Les deux analystes sont d’accord pour dire que si ces possibles tensions, son âge (78 ans), ou les accusations de ne pas tenir sa promesse de ne pas se représenter peuvent le faire hésiter, cela reste insuffisant pour faire renoncer Alassane Ouattara. « Les pressions internationales ne jouent plus autant qu’elles jouaient il y a une dizaine ou une vingtaine d’années », note aussi le sociologue Francis Akindès.

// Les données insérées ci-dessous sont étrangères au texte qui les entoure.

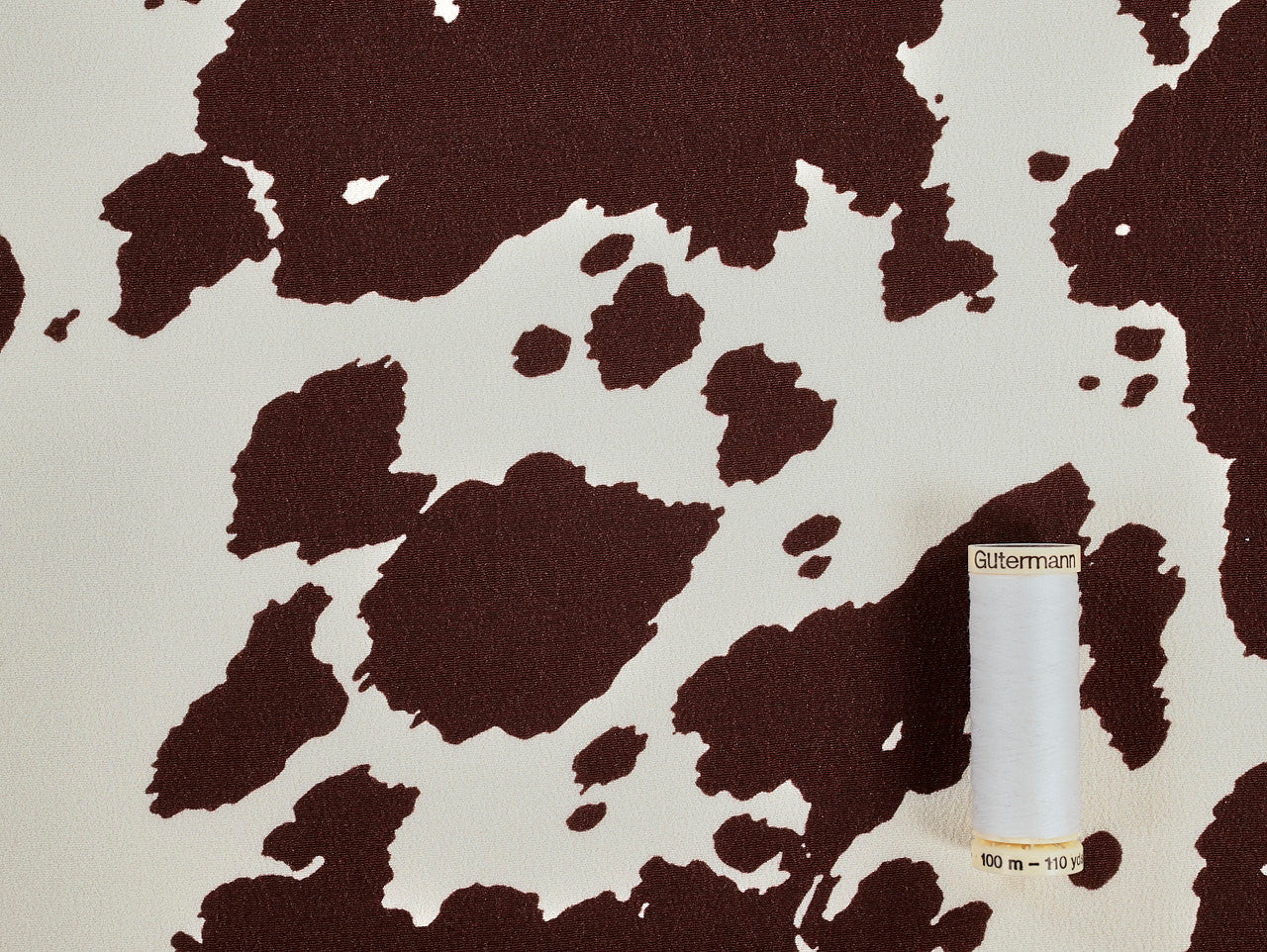 Jessie Cow Print Viscose Crepe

La communauté internationale, la France en particulier, pourrait d’ailleurs s’accommoder d’un troisième mandat d’Alassane Ouattara, selon Sylvain N’Guessan. « Entre quelqu’un qui arrive tant bien que mal à maintenir la stabilité, même si c’est par la peur, et un nouveau candidat qui pourrait peut-être ne pas réussir à conduire le navire avec la menace terroriste, le piratage en mer, les violences en interne, etc, on peut se demander où se trouvent les intérêts des acteurs extérieurs », analyse-t-il.

« La véritable question, c’est de savoir qui pourrait gérer l’héritage du RHDP. Avec tout ce qui a été fait aux cadres du FPI de Laurent Gbagbo, par exemple - gel des avoirs, exils, prison… - ils ont des raisons légitimes d’avoir peur du retour du bâton. En vue de préserver sa personne, son héritage et son clan, Alassane Ouattara pourrait se présenter », avance le politologue.

Selon Francis Akindès, l’annonce officielle de la candidature d’Alassane Ouattara n’est donc qu’une question de temps. La date limite du dépôt des candidatures est fixée au 31 août prochain mais le recueil des parrainages citoyens, nécessaires à la validation de ces candidatures, a déjà débuté.